Madera de artista
Arthur Rubinstein decía que “estudiaba” a Chopin hasta el final de sus días -murió a los 95 años-, con la esperanza de hacerlo “cada vez mejor”. Santiago Lomelín, a sus 25 y con una trayectoria que incluye a varias de las salas más prestigiosas del mundo, ofreció un recital con las cuatro baladas de Chopin, la noche del lunes en la Sala de Cámara del Teatro Degollado, como confirmación, ante su gente, de los progresos que ya ha hecho como solista, y como prenda de la que promete ser una carrera exitosa en el ámbito de la música.
Rubinstein, según sus propias palabras, aspiraba tocar a Chopin “como hubiera querido que se le tocara”. Las partituras para piano del compositor polaco son obras maestras; palabras mayores. Atreverse con ellas no se limita a tocar las notas. Demanda, como solía decir Pablo Casals, “tocar la música”: interpretarla; darle sentido, para lo cual el requisito primordial es sentirla.
Fue, cabalmente, lo que hizo Santiago. En la introducción de la velada, recordó que desde muy niño alimentó el deseo de tocar las cuatro baladas de Chopin, aunque aprendió, desde muy temprano, que se trata de obras portentosas. Su versión, ante una selecta concurrencia -menos de 100 personas, con estricta invitación-, fue más allá de las exigencias técnicas. La suya fue una interpretación respetuosa, pulcra en la digitación, sí, pero también apasionada. Formalmente impecable, su tempo fue justo; ni sus pianos se diluyeron ni sus fortísimos hirieron los oídos de los asistentes. Las bellísimas frases centrales de las baladas 1 y 4, principalmente, fueron acariciadas y proyectadas con una gran intensidad. La ejecución cumplió cuando tenía que ser vigorosa y se sublimó cuando había que aportar delicadeza.

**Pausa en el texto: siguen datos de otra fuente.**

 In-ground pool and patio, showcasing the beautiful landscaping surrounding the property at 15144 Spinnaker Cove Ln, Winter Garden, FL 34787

La velada se redondeó con la Sonata No. 3 en Fa menor, Op. 3, de Brahms. Obra de juventud -la compuso a los 19 años-, apunta ya la obsesión que Brahms tuvo con respecto a los sonidos que aspiraba a sacar de la orquesta, y que consiguió con creces en sus años de madurez, con las cuatro sinfonías. En la versión de Santiago hubo la intensidad y el sonido expansivo que demanda una obra tan majestuosa como esa… y, por otra parte, una encomiable sobriedad gestual, desprovista de los excesos que suelen caracterizar a muchos pianistas, más preocupados -se diría- por la coreografía que por la música.